### [SUPPLIED DATA]
*****

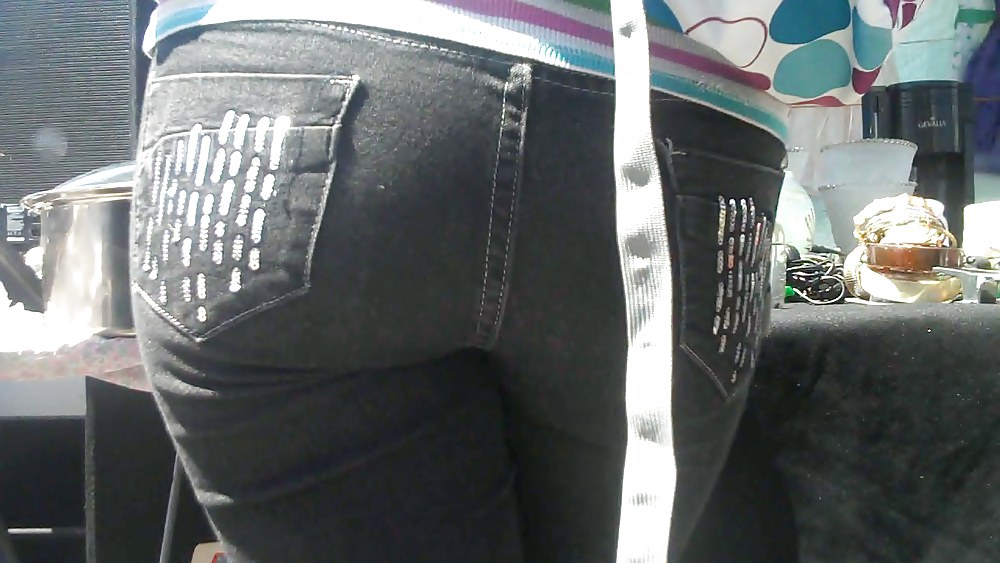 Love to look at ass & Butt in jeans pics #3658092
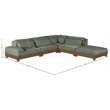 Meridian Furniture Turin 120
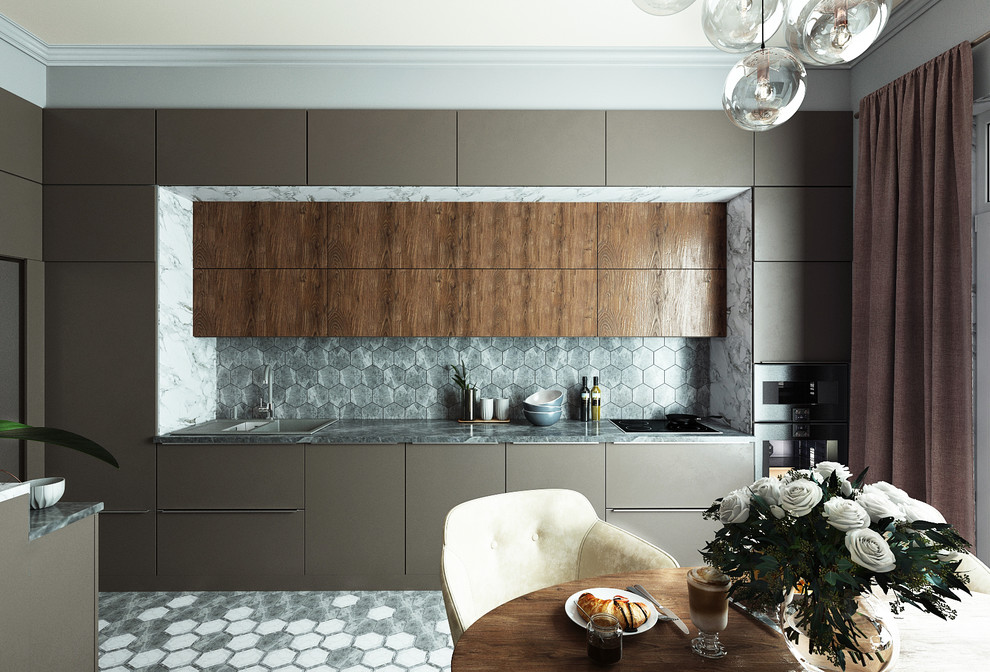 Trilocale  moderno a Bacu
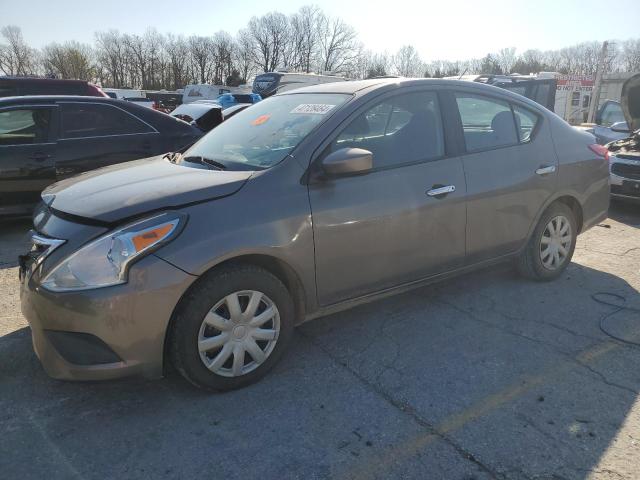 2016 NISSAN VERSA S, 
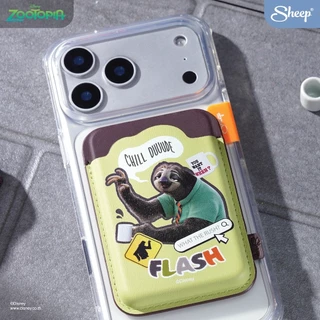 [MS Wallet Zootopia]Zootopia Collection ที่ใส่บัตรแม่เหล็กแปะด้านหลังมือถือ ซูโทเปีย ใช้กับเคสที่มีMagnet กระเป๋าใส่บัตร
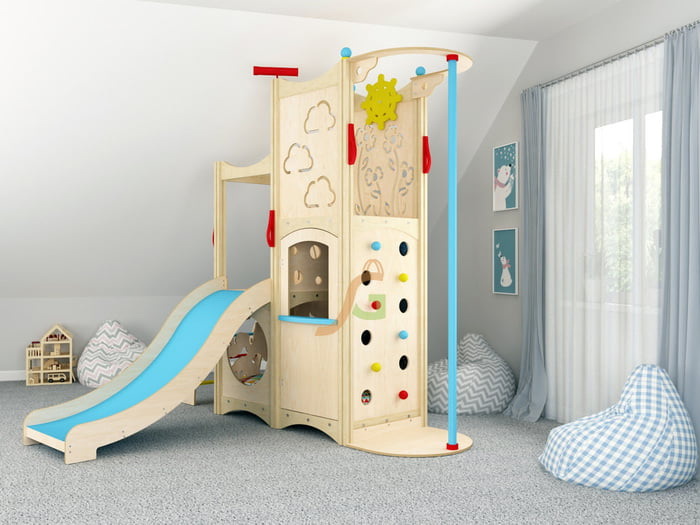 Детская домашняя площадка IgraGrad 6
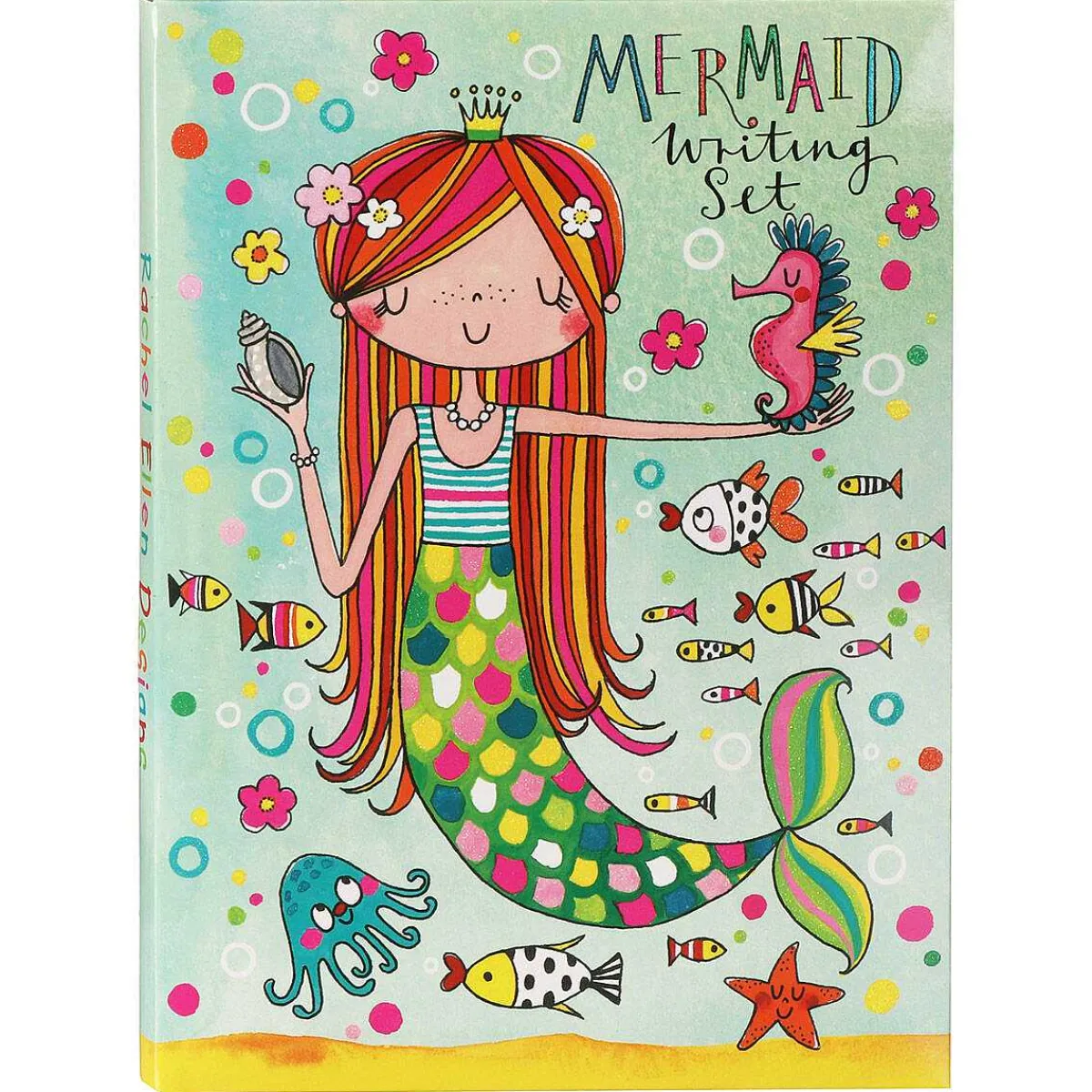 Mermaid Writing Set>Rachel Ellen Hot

*****

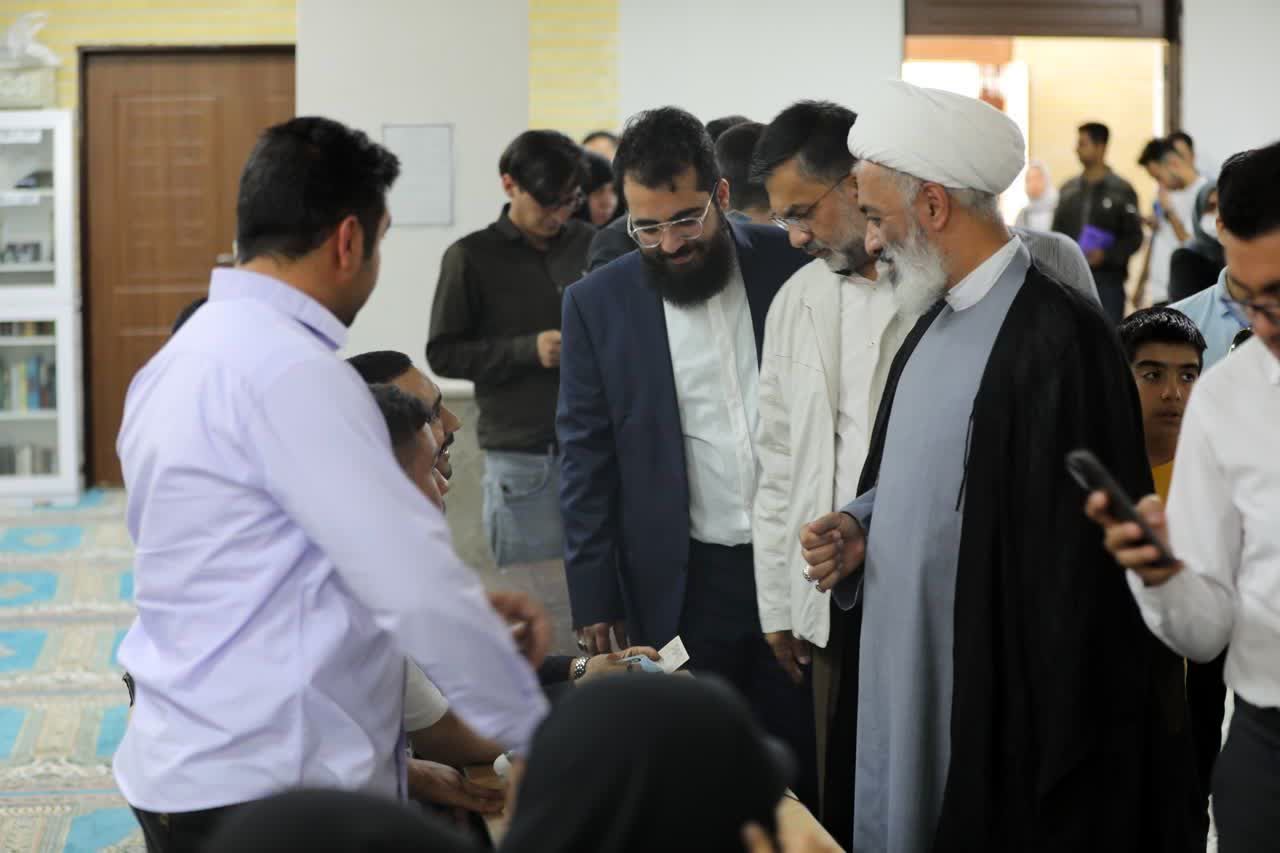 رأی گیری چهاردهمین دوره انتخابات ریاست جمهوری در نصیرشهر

*****

### [EXERCISE PROMPT]
Copy exactly the lines of the entries above from the one containing "Love to look" through the one containing "Mermaid Writing Set>Rachel Ellen Hot". Both end lines count; pictures do not.

### [EXERCISE OUTPUT]
 Love to look at ass & Butt in jeans pics #3658092
 Meridian Furniture Turin 120
 Trilocale  moderno a Bacu
 2016 NISSAN VERSA S, 
 [MS Wallet Zootopia]Zootopia Collection ที่ใส่บัตรแม่เหล็กแปะด้านหลังมือถือ ซูโทเปีย ใช้กับเคสที่มีMagnet กระเป๋าใส่บัตร
 Детская домашняя площадка IgraGrad 6
 Mermaid Writing Set>Rachel Ellen Hot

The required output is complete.